Sebelumnya, Dony Oskaria memberikan peringatan keras terhadap manajemen PT Perkebunan Nusantara (PTPN). Hal ini setelah adanya kriminalisasi Kakek Mujiran di Lampung.
Kasus ini berhembus ke publik setelah Kakek Mujiran diproses hukum akibat mengambil sisa getah karet di area perkebunan milik PTPN.
Dony menilai, penyelesaian masalah hukum ini yang mengesampingkan nilai kemanusiaan tersebut dan mengingatkan seluruh jajaran BUMN mengenai hakikat berdirinya perusahaan negara.
"Saya mengecam keras tindakan pelaporan dan kriminalisasi terhadap rakyat kecil, terlebih lagi kepada seorang lansia seperti Kakek Mujiran.

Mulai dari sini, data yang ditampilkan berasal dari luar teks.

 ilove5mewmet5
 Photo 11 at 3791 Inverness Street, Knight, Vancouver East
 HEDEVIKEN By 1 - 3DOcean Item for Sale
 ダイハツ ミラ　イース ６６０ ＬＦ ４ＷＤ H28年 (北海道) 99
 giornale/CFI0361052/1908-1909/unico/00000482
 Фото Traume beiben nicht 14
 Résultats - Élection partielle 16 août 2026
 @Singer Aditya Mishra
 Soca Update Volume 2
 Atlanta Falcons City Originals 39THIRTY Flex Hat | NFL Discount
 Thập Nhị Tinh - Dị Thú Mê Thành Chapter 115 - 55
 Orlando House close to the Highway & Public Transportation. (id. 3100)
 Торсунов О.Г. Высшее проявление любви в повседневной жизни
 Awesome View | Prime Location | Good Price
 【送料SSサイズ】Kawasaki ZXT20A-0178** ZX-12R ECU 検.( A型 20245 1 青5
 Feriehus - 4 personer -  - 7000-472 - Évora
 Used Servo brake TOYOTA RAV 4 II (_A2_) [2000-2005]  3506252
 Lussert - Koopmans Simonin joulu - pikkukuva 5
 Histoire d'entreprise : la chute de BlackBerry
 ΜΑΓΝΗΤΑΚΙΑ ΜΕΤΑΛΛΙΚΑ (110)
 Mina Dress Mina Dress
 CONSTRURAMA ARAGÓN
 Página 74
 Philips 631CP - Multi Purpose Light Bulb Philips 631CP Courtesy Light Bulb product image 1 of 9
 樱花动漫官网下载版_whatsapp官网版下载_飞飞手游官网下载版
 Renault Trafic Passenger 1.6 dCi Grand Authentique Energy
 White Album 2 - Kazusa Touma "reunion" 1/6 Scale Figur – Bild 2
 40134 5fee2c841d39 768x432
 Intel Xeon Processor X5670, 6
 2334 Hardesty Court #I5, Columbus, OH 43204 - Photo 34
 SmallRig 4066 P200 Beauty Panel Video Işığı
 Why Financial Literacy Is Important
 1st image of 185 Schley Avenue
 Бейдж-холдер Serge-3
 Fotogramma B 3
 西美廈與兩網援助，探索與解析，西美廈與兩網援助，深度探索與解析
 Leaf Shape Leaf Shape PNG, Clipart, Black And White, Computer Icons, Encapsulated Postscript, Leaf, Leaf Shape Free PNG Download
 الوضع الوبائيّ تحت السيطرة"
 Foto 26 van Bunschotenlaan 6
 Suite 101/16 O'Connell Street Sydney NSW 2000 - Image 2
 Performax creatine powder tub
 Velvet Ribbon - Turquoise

BUMN ini adalah milik rakyat, dibangun dengan uang rakyat, dan diamanatkan untuk memberikan manfaat sebesar-besarnya untuk rakyat. Tidak boleh ada sedikit pun ruang bagi BUMN untuk bersikap arogan dan memperlakukan rakyat seperti itu," ujarnya di Jakarta, Minggu (24/5/2026).
Awal Mula Kasus
Semuanya bermula pada suatu subuh di bulan Februari 2026. Di tengah gelapnya perkebunan karet, Mujiran yang merupakan penyadap resmi perusahaan, mulai bekerja.
Namun, hari itu ada yang berbeda. Alih-alih menyetorkan seluruh hasil sadapannya, ia menyembunyikan sebagian getah tersebut di balik semak-semak.
Rencana itu terus ia ulangi hingga terkumpul dua karung plastik. Mujiran kemudian meminta bantuan Nur Wahid (Terdakwa I) untuk mengangkut barang tersebut menggunakan motor pada dini hari. Namun, langkah mereka terhenti oleh tim keamanan kebun.
Pihak PTPN kembali menemukan kembali 8 karung getah karet di semak-semak. Namun Mujiran dan Nur Wahid membantah. Mujiran mengaku hanya menyembunyikan dua karung getah karet saja.
Walau begitu, 10 karung berisi getah karet dengan berat total keseluruhan sekitar 550 kg dijadikan barang bukti. Penggelapan ini mengakibatkan PTPN I Regional VII Kebun Bergen Afdeling I mengalami kerugian kurang lebih sebesar Rp 8.800.000.
Di balik pengakuan itu, terselip alasan yang menyayat hati. Mujiran mengaku melakukannya demi membeli beras. Istri dan cucunya sudah kelaparan di rumah.